2 Works for You was able to witness as the decades-old bear was found inside an airport hangar Thursday night.

The R.L. Jones Jr. Riverside Airport has been home to the bear since the 1990s but for the last three years, its exact location has been a mystery.

Now the Gilstrap family says they're grateful to have their $50,000 heirloom back.

“‘Turn on your TV! Watch the news! They’re getting that bear!' and I turned it on and watch the bear being taken out and it was just such a relief. My hands were shaking,” said Bill Gilstrap, Jr.

Bill Gilstrap, Jr.is still shocked to have his father's polar bear back.

To understand what it means for his family, you have to go all the way back to Alaska in 1969.

“He struck a deal with Don to go on a polar bear hunt, the ultimate hunt,” said Gilstrap.
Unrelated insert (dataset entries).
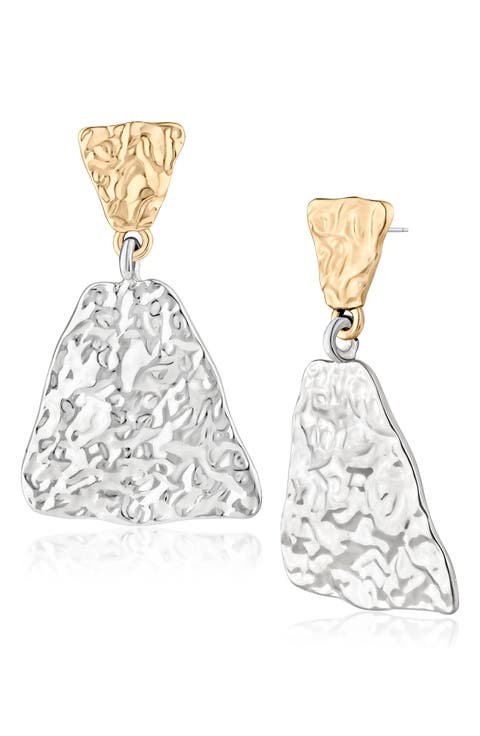Hammered Two-Tone Drop Earrings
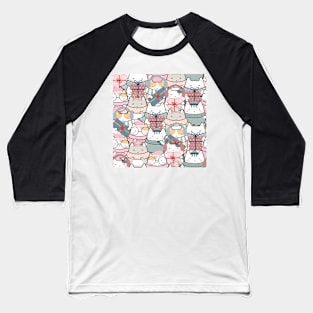 Christmas Cute Cats Pattern Baseball T-Shirt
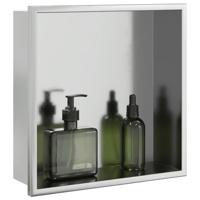 VidaXL Douchenis 32x32x9 cm roestvrijstaal geborsteld zilverkleurig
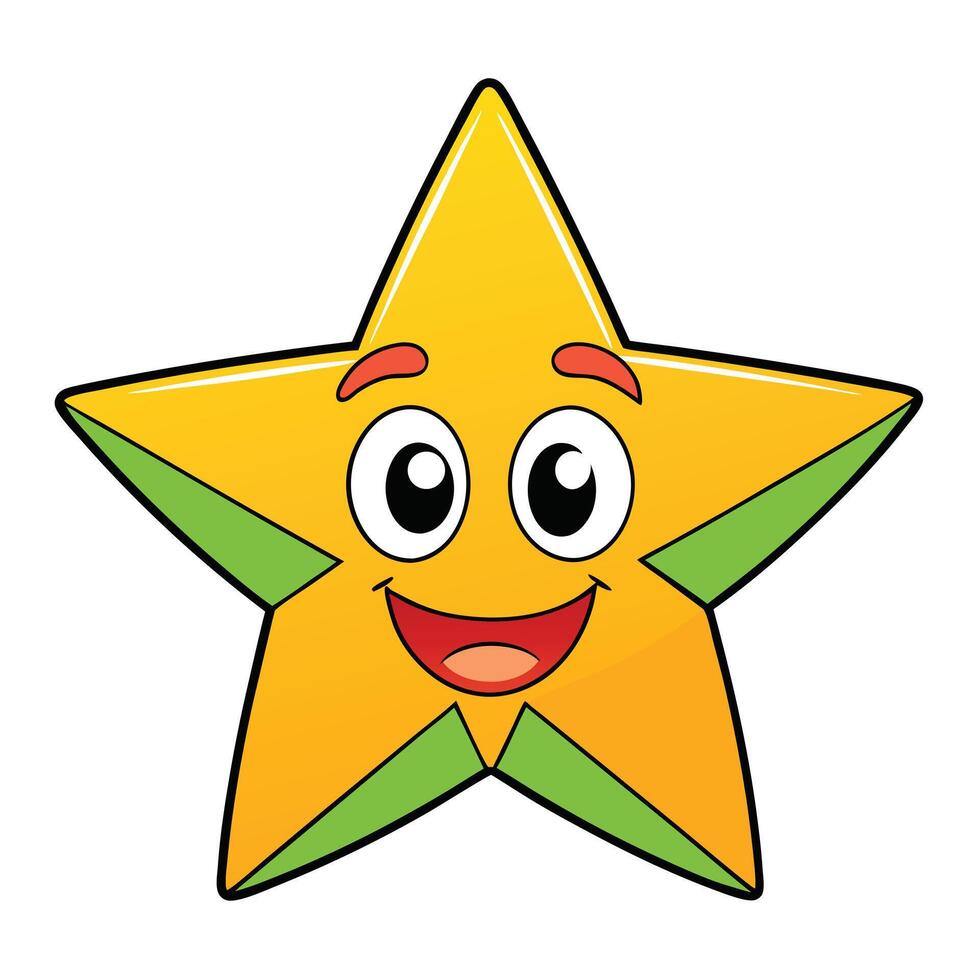 Happy star cartoon character illustration with green accents for kids vector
It ended with the ultimate catch. Bill Sr. snagged the bear just three years before they became federally protected.

“It was his pride and joy. That was something, he got a lot of notoriety for it, especially in Mayes County,” said Gilstrap.

From City Banks in Alaska to motorcycle shops in prior, the bear spent the next several decades on display for all to see up close.

Then – following a display at the jones airport, it vanished and Gilstrap's phone calls to the hangar went unanswered.

“Oh, I’d like to drop to the floor [sic],” he said. “I mean, that was my worst nightmare to think that somebody would actually, after all these years of moving the bear around and letting people display it and everything, that someone somewhere would actually try to keep that bear.”

While some might see the bear as just a statue, game warden Carlos Gomez describes how it is much more.

“It may not be drugs, it may not be cannons or missiles, or machine guns, but it's still a heavily protected, regulated piece of wildlife,” said Gomez.

Using original ownership documents from 1969, the Gilstraps and game wardens were able to track the bear to a completely different hangar in the airport.

“Someone else had latched onto it and decided it was theirs,” said Gomez. “It is illegal to have if you don't have all of the proper documentation.”

The bear immediately became evidence in a possible case of illegal possession. Wardens say charges could come soon.

The Gilstraps say it's still the ultimate catch and once again it’s been caught and reunited as a family legacy.

“He’s got a moose head, and a caribou, and I’m going to put them all together and keep a close eye on them,” Gilstrap said.

The family says they plan on keeping the bear close for now, but the goal is to put it on display again in the future for all of Green Country to see, just how Bill Gilstrap, Sr. would've wanted it.